New Victorian-Era AI Model Trained on Public Domain Data
- •Mr. Chatterbox trained exclusively on 2.9 billion tokens from Victorian-era British Library archives
- •Small 340-million parameter model demonstrates challenges of training without modern scraped datasets
- •Developer utilizes Karpathy's nanochat and Claude Code to build local model integration
Mr. Chatterbox represents a fascinating experiment in the ethics of AI training. Developed by Trip Venturella, the model was built using over 28,000 Victorian-era texts published between 1837 and 1899. By sourcing data exclusively from the British Library’s out-of-copyright collection, the project sidesteps the contentious "scraped data" debate that currently plagues the industry.
Despite its historical charm, the model highlights the steep requirements for modern performance. With only 340 million parameters and 2.93 billion training tokens, Mr. Chatterbox struggles with coherent reasoning.
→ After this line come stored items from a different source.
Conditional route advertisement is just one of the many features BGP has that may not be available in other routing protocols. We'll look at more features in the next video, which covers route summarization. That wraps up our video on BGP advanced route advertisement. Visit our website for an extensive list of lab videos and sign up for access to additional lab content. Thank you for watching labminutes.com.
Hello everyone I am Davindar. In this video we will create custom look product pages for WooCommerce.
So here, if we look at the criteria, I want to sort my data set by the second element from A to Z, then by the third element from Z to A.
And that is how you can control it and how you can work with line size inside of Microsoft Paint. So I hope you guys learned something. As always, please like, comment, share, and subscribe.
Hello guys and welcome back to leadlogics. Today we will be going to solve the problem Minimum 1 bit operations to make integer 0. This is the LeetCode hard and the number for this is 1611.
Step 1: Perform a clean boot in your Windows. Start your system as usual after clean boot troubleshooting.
Technical reviewers describe the experience as similar to interacting with a Markov chain, a mathematical system that predicts the next word based purely on probability rather than deep contextual understanding.
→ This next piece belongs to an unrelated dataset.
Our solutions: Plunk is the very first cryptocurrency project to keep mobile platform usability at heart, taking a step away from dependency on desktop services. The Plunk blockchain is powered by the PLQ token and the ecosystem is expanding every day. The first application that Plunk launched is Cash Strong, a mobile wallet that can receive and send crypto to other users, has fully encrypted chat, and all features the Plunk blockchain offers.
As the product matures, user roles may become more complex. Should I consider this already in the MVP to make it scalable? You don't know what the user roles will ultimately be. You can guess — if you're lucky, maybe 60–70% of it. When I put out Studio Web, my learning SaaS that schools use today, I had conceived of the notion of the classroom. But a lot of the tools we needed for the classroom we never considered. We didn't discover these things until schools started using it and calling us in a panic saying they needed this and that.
The project underscores the Chinchilla scaling laws, which suggest that a model of this size needs significantly more data to reach a functional baseline. Nevertheless, the workflow used to deploy the model locally is notable. Utilizing the nanochat framework created by Andrej Karpathy, researchers successfully automated the creation of a plugin to run the model on personal hardware, proving how generative tools can bridge the gap between niche research and local execution.